Last night I suffered a less than hour-long bout of scintillating scotoma. It's a weird kind of snow crash in your visual cortex where part of your field of vision is replaced by sparkly geometric patterns. It happens to me once every few years and is sometimes associated with a headache, sort of migraine lite. The scotoma is quite disorientating, particularly when the affected bit is at the centre of whatever you're looking at, like last night. I was probably a pitiful sight, squinting out of one corner of my eye at the laptop as I laboured half blindly to download the latest Escape Pod -- I needed something to do when I retired to bed.
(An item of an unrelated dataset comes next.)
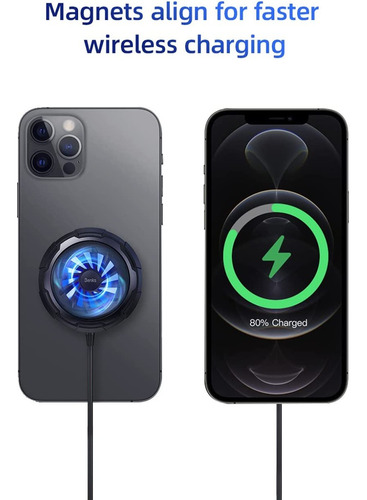 Imagen 3 de 10 de Benks Cargador Inalámbrico Gamer Magsafe iPhone 13 Mini 12 M
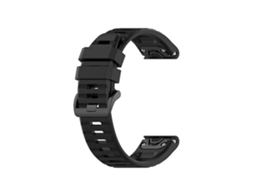 Pulseira De Silicone Preta, Compatível Com Relógio Garmin Forerunner 935 Chennls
After listening to the Neal Asher story, I got up and took some ibuprophene against the headache that followed the scotoma.
Inspired by Oliver Sachs's essay "Stereo Sue", I've recently taken up using a contact lens again after many years. Maybe the unfamiliar stereoscopic calculations have taken their toll on my brain. I have a good left eye and a near-sighted right one, so for most of my life my brain has just disregarded the blurry input from one eye and made do with the good signal. The minute I popped in a lens, everything came out in glorious 3D again. I've reached the point where objects extending toward me scare me when I'm not wearing a lens, since I can't see exactly how far away they are the way I've recently learned to.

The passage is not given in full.